Records for the exercise
..............................
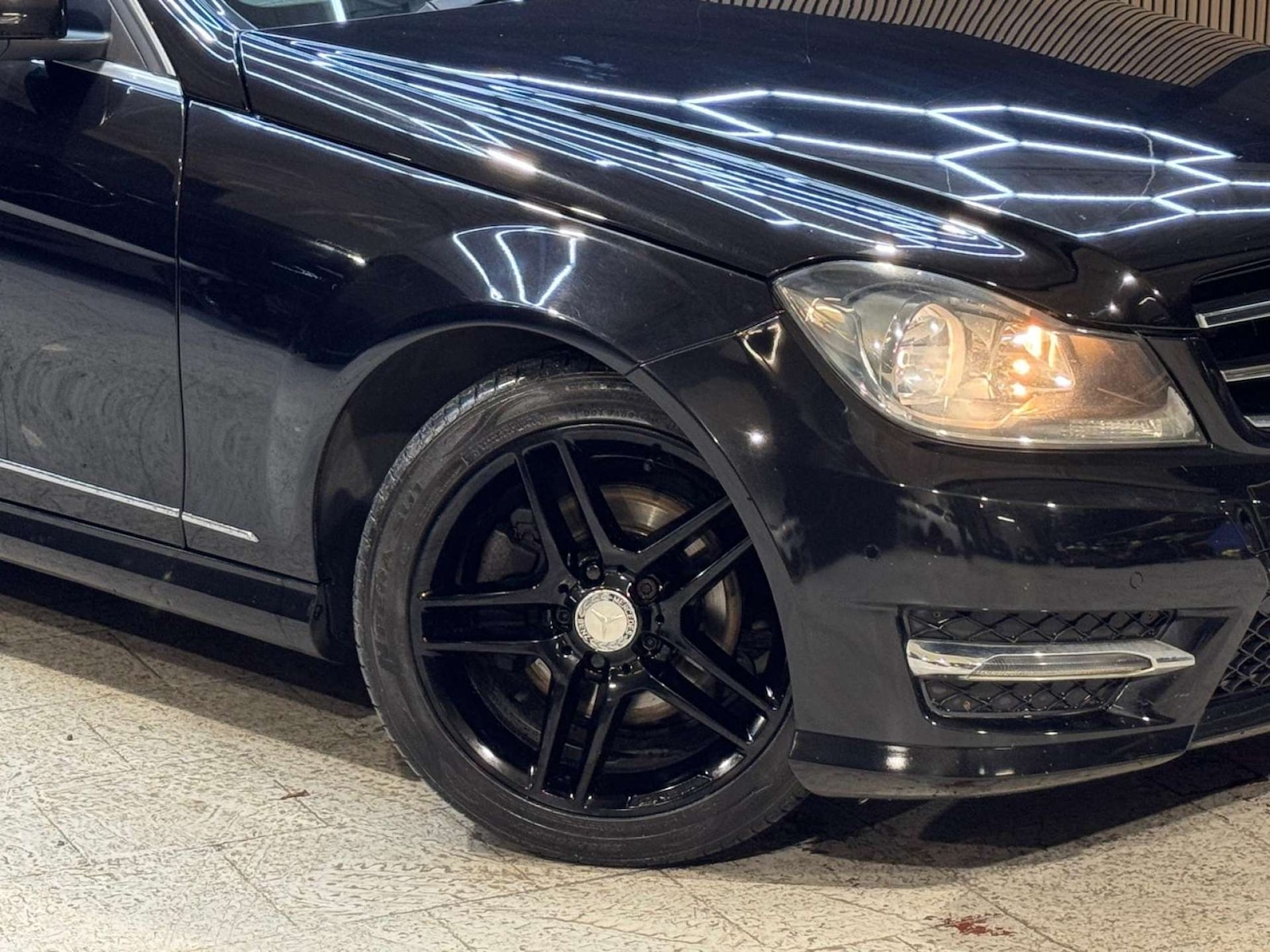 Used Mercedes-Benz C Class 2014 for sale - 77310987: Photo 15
..............................
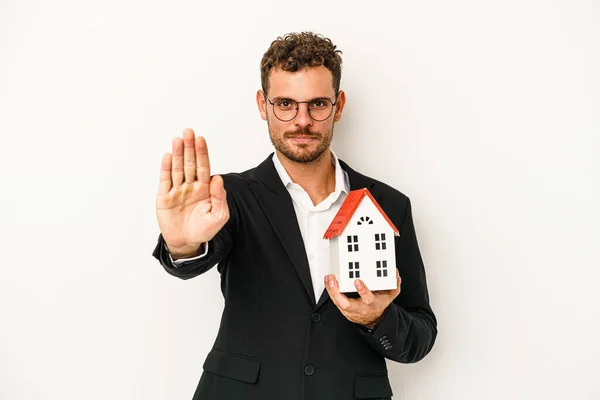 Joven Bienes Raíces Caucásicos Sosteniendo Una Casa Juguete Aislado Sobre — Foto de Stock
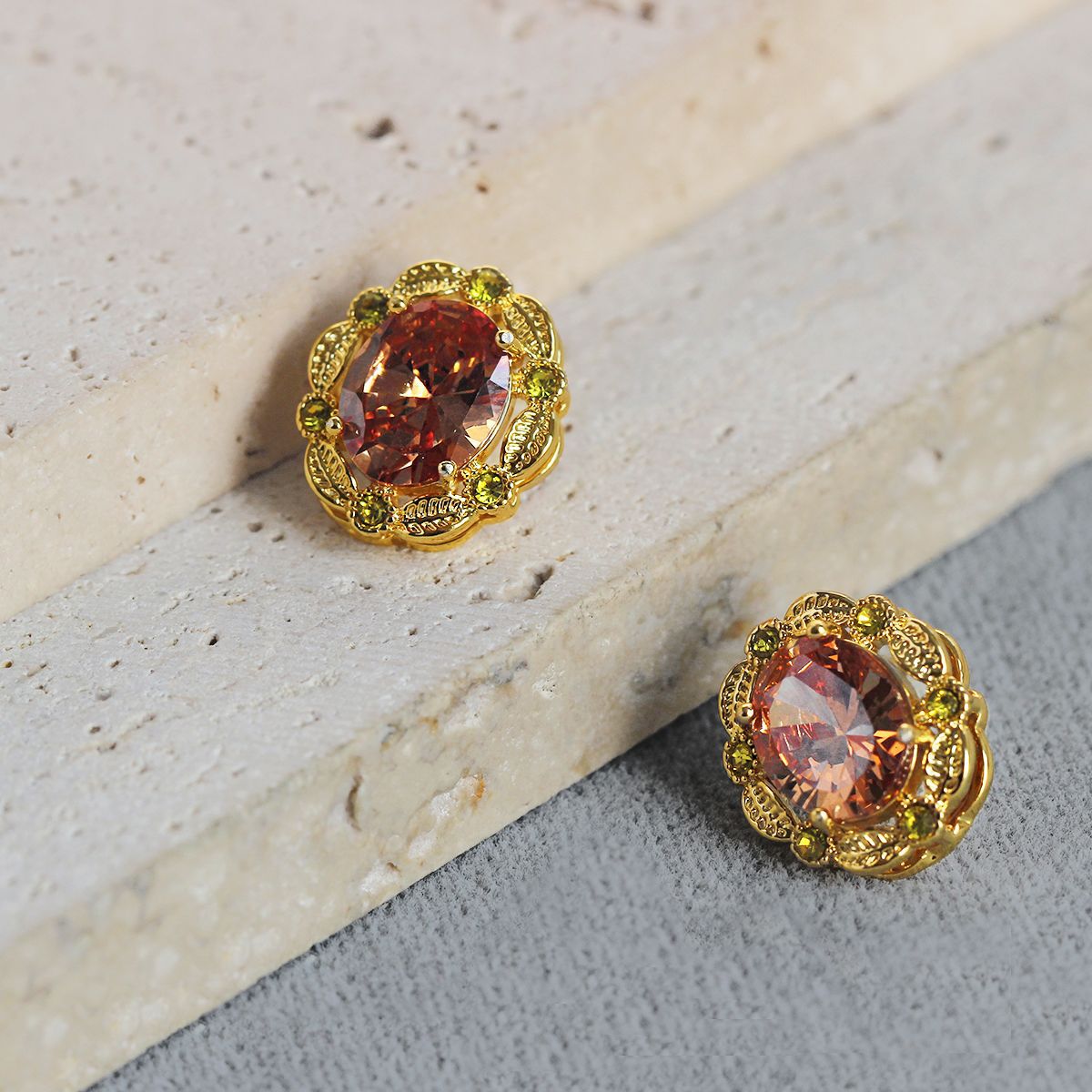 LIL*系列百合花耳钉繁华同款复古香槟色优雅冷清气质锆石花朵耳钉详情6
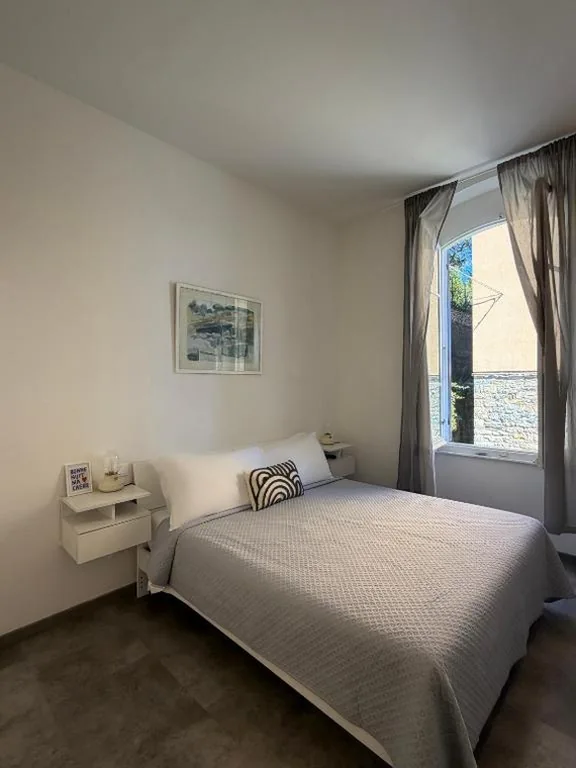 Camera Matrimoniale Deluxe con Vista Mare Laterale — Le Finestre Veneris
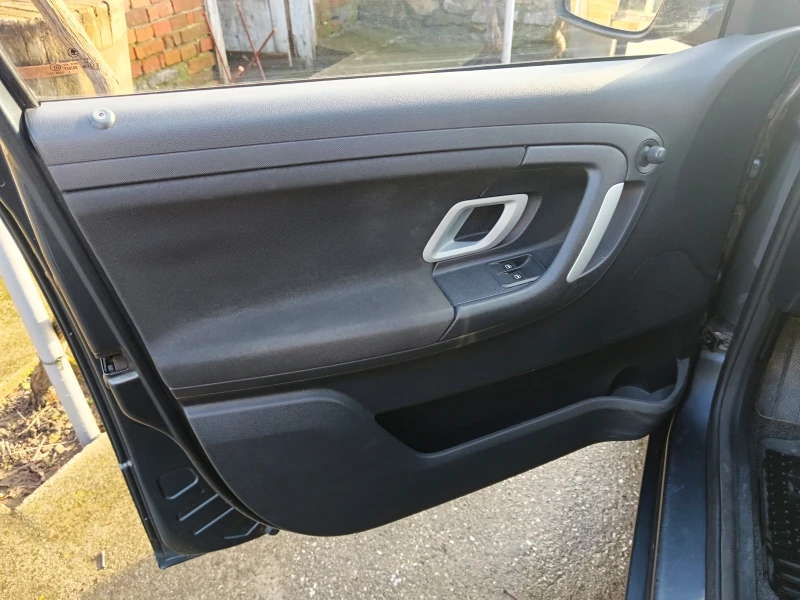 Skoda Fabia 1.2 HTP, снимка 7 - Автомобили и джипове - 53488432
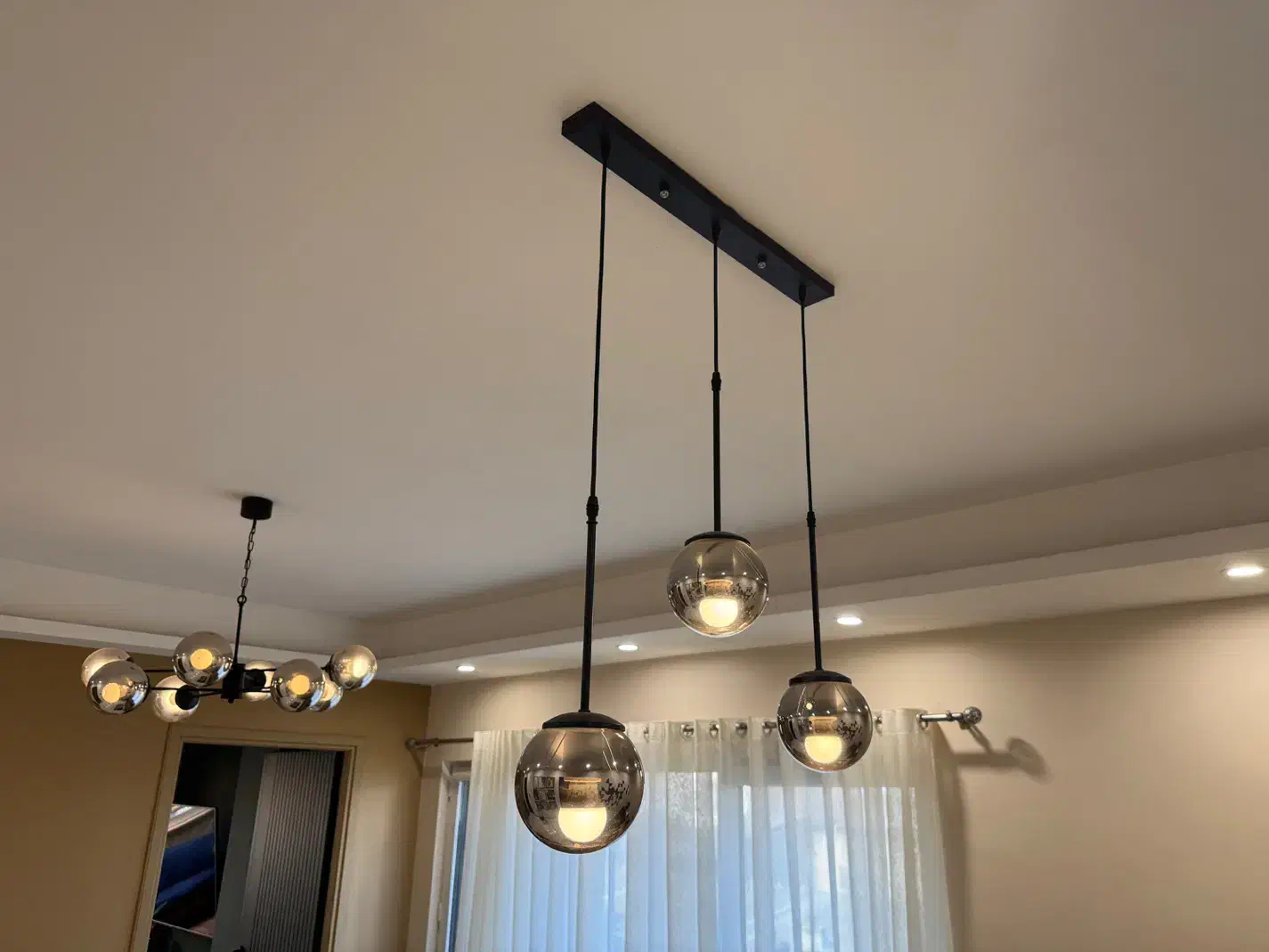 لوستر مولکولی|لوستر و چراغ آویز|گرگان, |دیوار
..............................
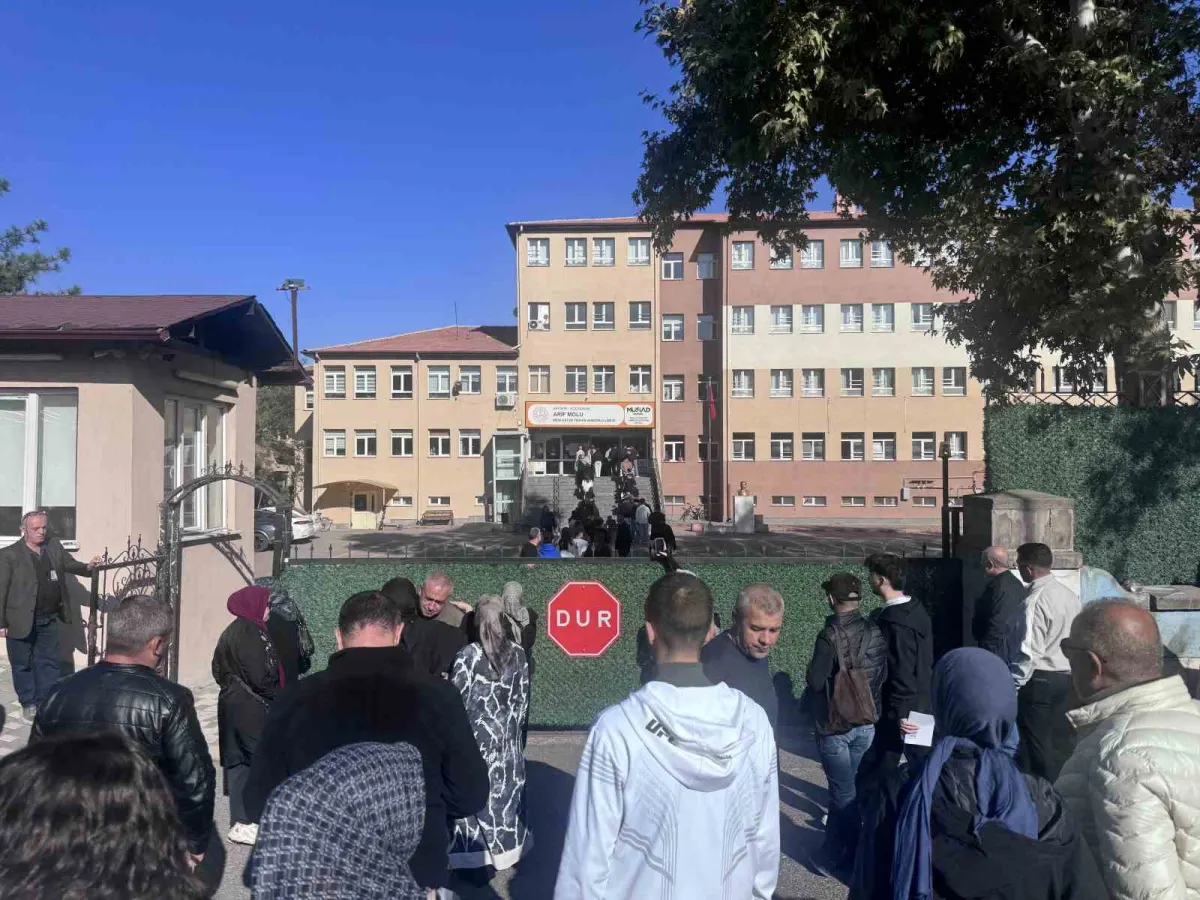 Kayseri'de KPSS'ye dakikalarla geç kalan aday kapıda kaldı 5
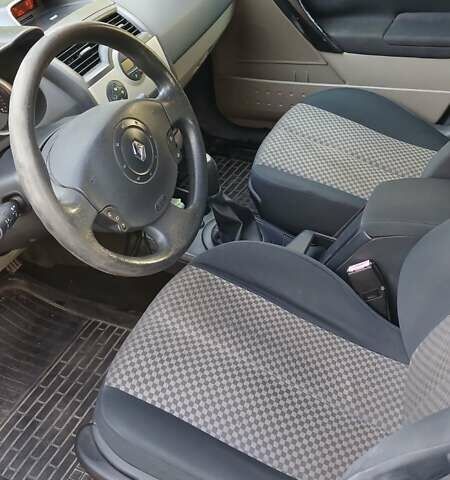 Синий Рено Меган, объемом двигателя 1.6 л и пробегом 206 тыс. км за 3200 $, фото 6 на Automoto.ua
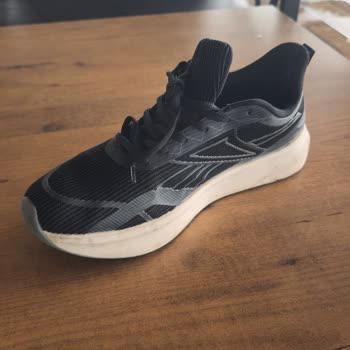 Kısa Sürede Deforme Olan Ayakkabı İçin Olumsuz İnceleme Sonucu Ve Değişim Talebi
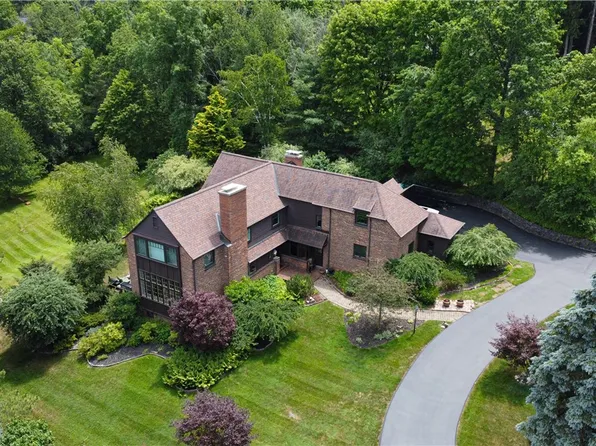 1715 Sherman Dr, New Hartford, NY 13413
..............................
Work required
Find the line with "Joven Bienes Raíces" and the line with "لوستر مولکولی|لوستر و" in the records above. Copy both and all lines between them exactly, without pictures.

Task response
 Joven Bienes Raíces Caucásicos Sosteniendo Una Casa Juguete Aislado Sobre — Foto de Stock
 LIL*系列百合花耳钉繁华同款复古香槟色优雅冷清气质锆石花朵耳钉详情6
 Camera Matrimoniale Deluxe con Vista Mare Laterale — Le Finestre Veneris
 Skoda Fabia 1.2 HTP, снимка 7 - Автомобили и джипове - 53488432
 لوستر مولکولی|لوستر و چراغ آویز|گرگان, |دیوار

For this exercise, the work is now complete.